That was the year of Fidel Castro's revolution. A revolution that many Cubans believed would surely falter. Sadly, they were terribly mistaken. Two years after the revolution began, a communist regime was set in place. The new government began confiscating businesses, bank accounts and assets. Many natives, still hopeful that Castro's control would be short-lived, fled from Cuba with every intention of returning to their homeland once Castro was ousted. Unfortunately, to their dismay, those who fled remain exiles to this very day. Earth to Papi, Earth to Papi, an excerpt taken from Gustavo Perez Firmat's book Next Year in Cuba gives a glimpse into his childhood in Cuba and conveys his lifelong struggle to reconcile two national allegiances and identities. El Super is also a wonderful example of cultural and language differences that arise for Cuban exiles in America as the older generation still clings to the old country and the hope of going home someday. .

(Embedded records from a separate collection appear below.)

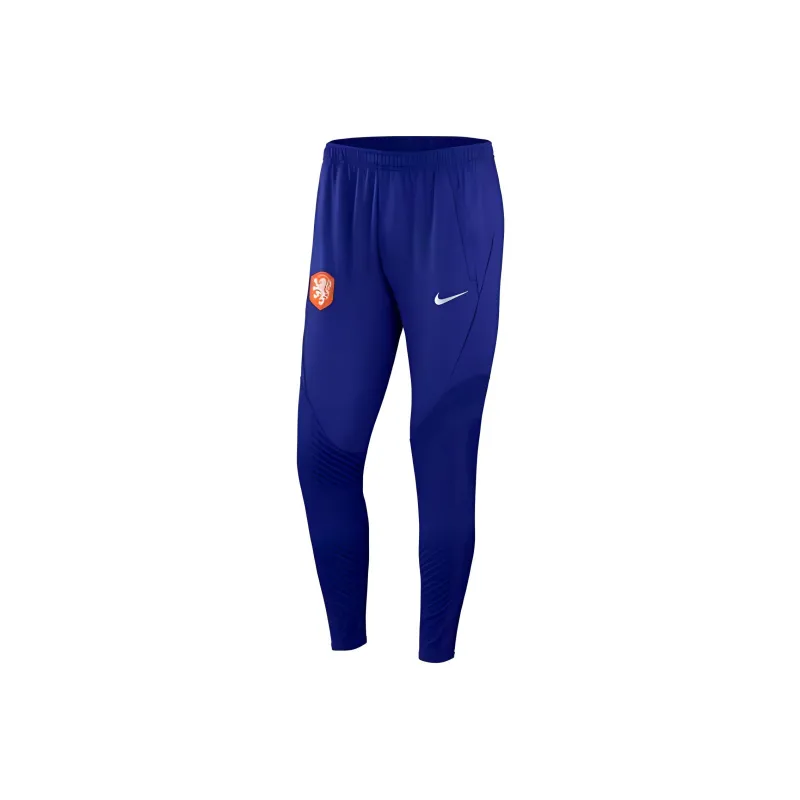Nike Knitted Sweatpants Men Blue-0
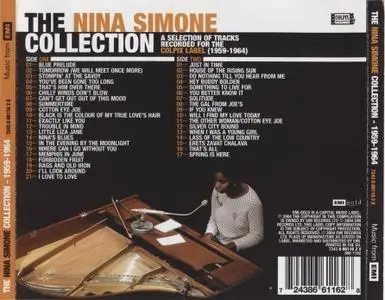 Nina Simone - The Nina Simone Collection: A Selection Of Tracks Recorded For The Colpix Label (1959-1964) [2CD] (2004)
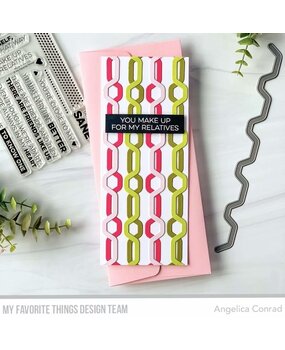 My Favorite Things Die-namics Color Stack Pattern (MFT-1969) My Favorite Things Die-namics Color Stack Pattern (MFT-1969)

In Earth to Papi, Earth to Papi Firmat describes the lifelong tension of never completely belonging to a particular culture, community, or country. Neither entirely Cuban like his parents, nor totally acculturated to American life like his two children, Firmat calls himself a member of the "one-and-a-half generation," that is, Cubans who were born on the island and came to the United States as children or adolescents. .
Ever since he stood on the deck of the City of Havana ferry as an eleven year old watching his native country disappear on the horizon, he has struggled with the perplexing dilemma of having two homes and, at the same time, none at all. In Earth to Papi, Firmat helps the reader to understand the circumstances and his equally passionate attachment to both places. .
Embarking on a successful career meant that Firmat must exile himself from his home in Little Havana. However, Firmat felt that creating his "own version of Old Havana" in his Chapel Hill home would ease the transition.